While the most common forms of superhero storytelling have always, of course, been visual (comics, movies, TV), there has been an uptick in superhero novels in the last decade or so, as well. And though it can be tricky to pull off, there are a number of them that I think have done an astounding job. Below are some of the books that fueled and inspired me while I was working on The Private Life of Jane Maxwell.
Dreadnought and Sovereign by April Daniels
One of the most recent superhero fiction that I’ve tried, and also hands-down a masterpiece of the genre. Dreadnought captured an elusive but indelible superheroness that I kept chasing when I was working on my own book. This story manages to be happy and sad, real and fun, light and dark and hopeful all at the same time. It’s a glorious encapsulation of everything that makes superheroes great. Plus, it features a transgender lesbian as the main character, and who doesn’t want more of THAT?
Vicious by V.E. Schwab
Would any list of superhero fiction be complete without this title? My favorite V.E. Schwab book by far, this book breaks and subverts so many expectations, and delivers it all with a flare that delighted me to no end. I love everything about it: the nonlinear narrative, the characters, the prose, the world. Normally, I’m all for lightness in my superheroes, but if all “dark and gritty” superhero stories were like Vicious, I’d be seriously tempted by the dark side.
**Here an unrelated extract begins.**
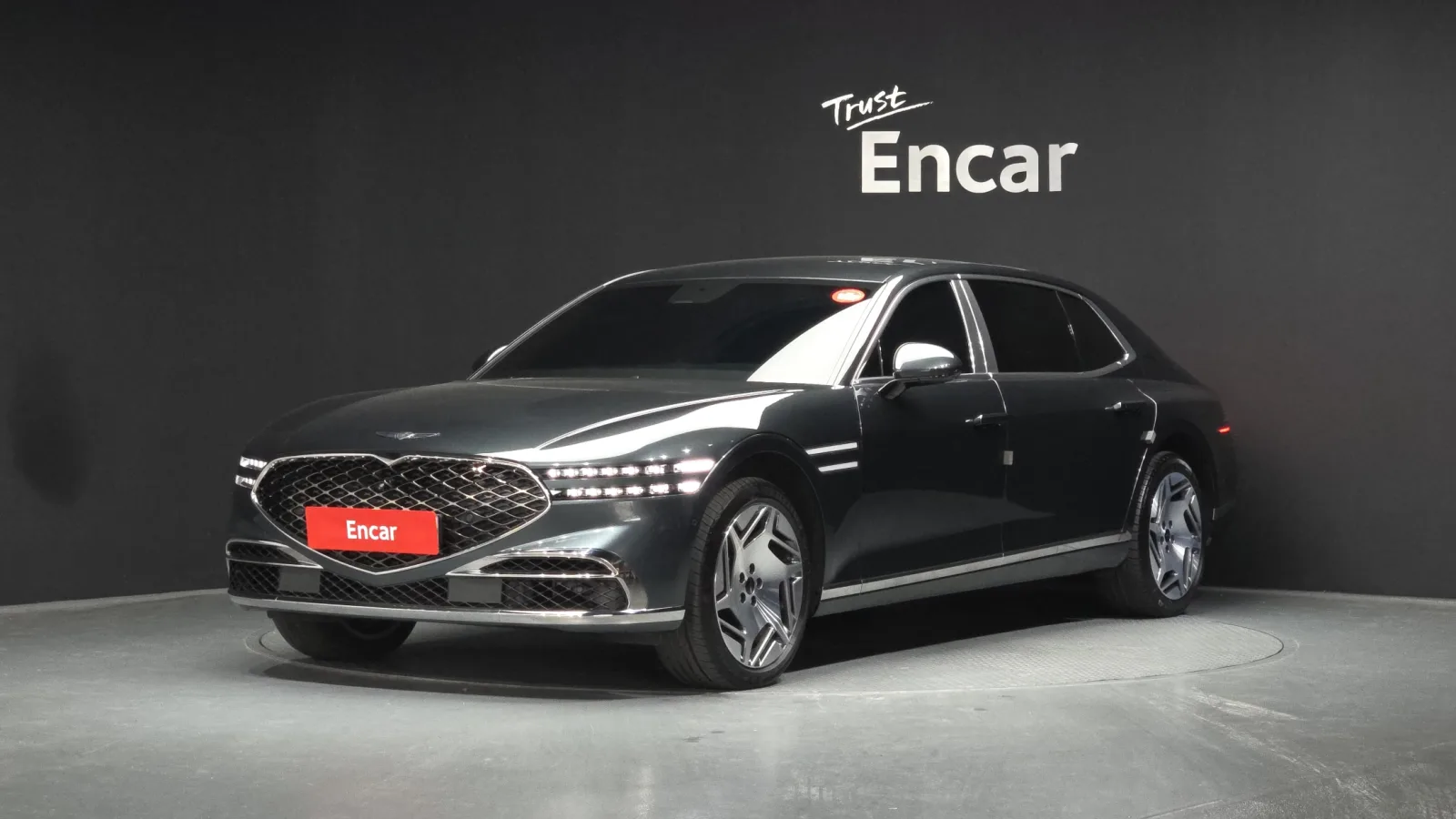 2024 Genesis G90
After the Golden Age and Dreams of the Golden Age by Carrie Vaughn
If there’s anyone that I look to as my go-to How To Write Superheroes author, it’s Carrie Vaughn. These books capture the exact same delight that I experience while watching any of the bigscreen counterparts. Fun and big and splashy, these are solid superhero books. You’ll get exactly what you expect when reading these.
Soon I Will be Invincible by Austin Grossman
I admit that I haven’t read this one in a while, but the enjoyment of it still shines bright in my mind. This one, like Carrie Vaughn’s work, was among my introduction to superhero prose. I loved the exploration of the villain in this one, and the backstory that’s woven in.
Lois Lane: Fallout by Gwenda Bond
While I’m primarily a Marvel girl, Superman will forever hold a soft spot in my heart. So when I heard about a book from Lois Lane’s perspective, updated to be YA in the modern world, I knew I had to read it. Fallout does not disappoint, and it’s fun to see a superhero story where the primary characters are those normally left outside the main focus. Looking forward to reading the sequels.
Nonfiction about Comics and Superheroes
The Secret History of Wonder Woman by Jill Lepore
Not only is this a wonderful and fascinating history of an iconic character, it’s a delightful lens through which to explore the history of the women’s movement throughout the 20th century. This book enriched my appreciation of Wonder Woman tenfold, and entertained me as much as if it was a novel.
The Spectacular Sisterhood of Superwomen: Awesome Female Characters from Comic Book History by Hope Nicholson
This one is an enjoyable reference book of female comics characters, broken down by decade. It explores the history of comics in relation to their female characters, and provides an interesting overview of how women superheroes got treated throughout the years.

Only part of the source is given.